No documento enviado à Divisão de Direitos Humanos do
Itamaraty a Subprocuradora cobra um posicionamento do Ministério,
lembrando que, em março último, já fizera a mesma
solicitação, sem que tenha obtido qualquer resposta.
O sangue dos Yanomami foi coletado no Brasil, no fim dos anos sessenta,
sem que tenha sido obtido adequadamente o seu consentimento informado.
Entre as comunidades submetidas à coleta de sangue em troca
de mercadorias encontram-se as aldeias da região de Toototobi
(AM), região de origem de Davi Kopenawa. Davi, então
com 11 anos, teve seu sangue coletado pela equipe americana do Dr.
J.V. Neel. Além disso, a partir do começo dos anos noventa,
as amostras de sangue yanomami foram reprocessadas com novas técnicas
de laboratório, permitindo a extração de material
genético. O DNA Yanomami esta sendo, assim, utilizado em novas
pesquisas genômicas novamente sem que o consentimento dos doadores
das amostras de sangue (ou de seus parentes, no caso dos que já
faleceram) tenha sido devidamente obtido.
A Subprocuradora Dra.

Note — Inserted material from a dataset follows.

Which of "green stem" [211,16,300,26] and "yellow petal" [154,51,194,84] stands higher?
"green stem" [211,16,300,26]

Ela Wiecko de Castilho lembra ainda ao Itamaraty
que relatório da Associação Americana de Antropologia
(AAA) confirma a existência destas novas pesquisas científicas,
algumas já realizadas e outras ainda em curso: ver http://www.aaanet.org/edtf/index.htm
(Sobre esta questão
ver Boletins 25, 26 e 32 e Documentos Yanomami n° 2 no website
da CCPY: www.proyanomami.org.br - Pesquisa geral: digitar “sangue”
)
Polícia
Federal conclui inquérito sobre anúncio racista de jornal
de Boa Vista (Roraima) que compara Yanomami a animal
O
Procurador da República em Roraima, Dr. Carlos Fernando Mazzoco,
denunciou à Justiça Paulo César Cavalcanti Lima,
morador da capital do estado, Boa Vista, pela prática de racismo
contra o povo Yanomami, com base no que dispõe o parágrafo
2º do artigo 20 da Lei 7.716/89, que define os crimes resultantes
de preconceito de raça. Paulo César poderá ser
condenado à pena de reclusão de dois a cinco anos, além
de pagamento de multa.
Em novembro do ano passado, Paulo César publicou um anúncio
na seção “Animais” de Classificados do jornal
local Folha de Boa Vista., no qual colocava à venda “filhotes
de Yanomami, com um ano e seis meses” no valor de R$ 1 mil.
No inquérito, instaurado pela Polícia Federal, o acusado
afirmou que o anúncio era apenas uma “pegadinha”
que teria feito com um amigo (!).
O anúncio causou profunda indignação nos professores
Yanomami, então reunidos para um curso de formação
para o Magistério Indígena em Boa Vista. No dia seguinte
ao da publicação, um grupo de 22 deles divulgou uma
carta onde se diziam revoltados com o tratamento indigno dispensado
aos índios na cidade. Eles cobraram também o apoio da
Procuradoria Geral da República para que o povo Yanomami seja
tratado com respeito e que os culpados sejam processados. Finalmente,
os professores Yanomami exigiram que fossem tomadas providências
em relação ao jornal Folha de Boa Vista que permitiu
a publicação do anúncio racista. Esta última
reivindicação ainda não foi atendida.